In Hancook Tire Co., LTD v. Philpot, 2016 Ark. App. 386, the parties were involved in an ongoing discovery dispute. Eventually, the plaintiff (Philpot) filed a “Motion for Sanctions for Spoliation and Concealment of Evidence.” A hearing was held on the motion, and the trial court eventually issued a letter opinion in which it stated that, because of “the multiple hearings that have been necessitated because of the Defendants obtuse and unnecessary abuse of the discovery process,” the trial court would impose Rule 37 sanctions (in the form of attorney’s fees) “to deter any future similar conduct.”
The trial court then entered an order awarding a total of $43,025 in attorney’s fees because Hankook’s “conduct in obstructing discovery has been egregious . . . . [and] to deter further such obstruction of discovery in this matter.” In the order, the trial court stated that “[t]his Order is a final Order for purposes of appeal.” A purported Rule 54(b) certificate appeared at the end of the order. (The Rule 54(b) certificate was rejected by the Court of Appeals in this case because it merely tracked the language of the rule, rather than making specific factual findings; we have previously blogged on this topic, and so therefore will not go into detail on that issue in this blog post.)

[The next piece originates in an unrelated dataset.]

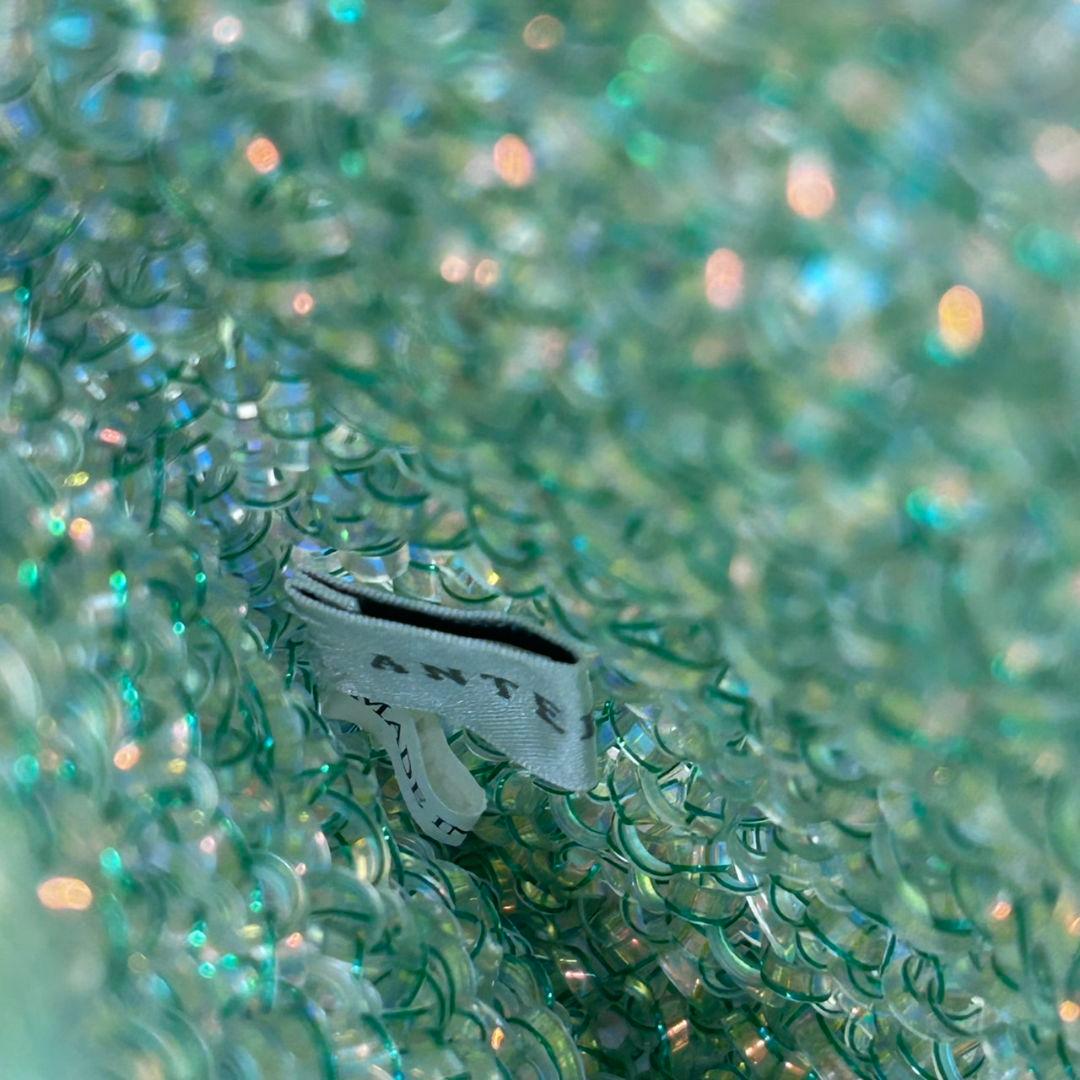 【未使用級】アンテプリマ ワイヤーバッグ ミニハンドバッグ パーティ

The question in the Hancock case is whether an order that imposes sanctions rises to the level of an order of contempt that would make that order a final order for purposes of appeal. In Hancook, the Court of Appeals held that such an order was not an appealable order. Specifically, the Court of Appeals held as follows:
Hankook’s notice of appeal cited to the contempt-with-sanctions provision as the basis to invoke appellate jurisdiction, but the trial court here did not hold Hankook “in contempt,” although it could have so determined as an appropriate sanction under Rule 37(b)(2)(D). Rather, the trial court here entered an order for attorney fees for discovery obstruction. This is not a final, appealable order.

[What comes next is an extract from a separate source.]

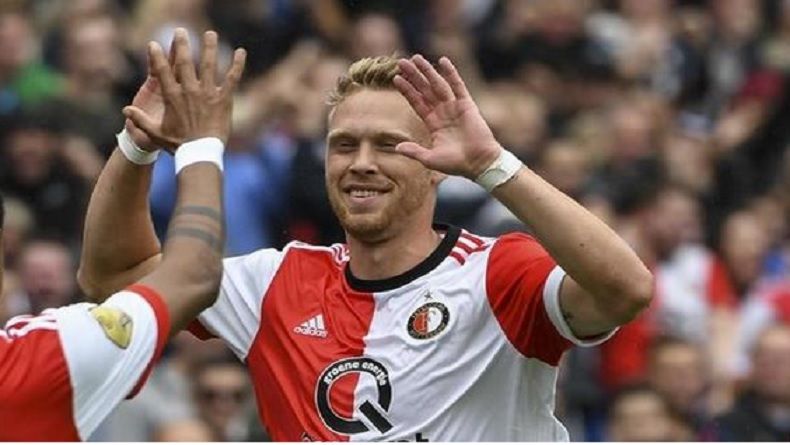 Prediksi AZ Vs Feyenoord: Tim Tamu Kembali Diperkuat Jorgensen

This distinction is a fine line, so counsel must be careful when making the decision whether or not to file a notice of appeal from an order imposing sanctions. It would appear that had the order simply added a few words (stating that one of the parties or counsel was being held “in contempt”), this order would have been considered a final, and, therefore, appealable order. This is yet another reason that it is vital for counsel to closely and carefully read every order before deciding whether or not to file a notice of appeal from that order.
A cautionary note is in order, however. As we have mentioned before, in light of the opinion in Massinelli v. Massinelli, 2016 Ark. App. 90 (and the cases upon which it relied), counsel should always be cautious about deciding not to file a notice of appeal from an order that is arguably final, even if it appears to be nonfinal.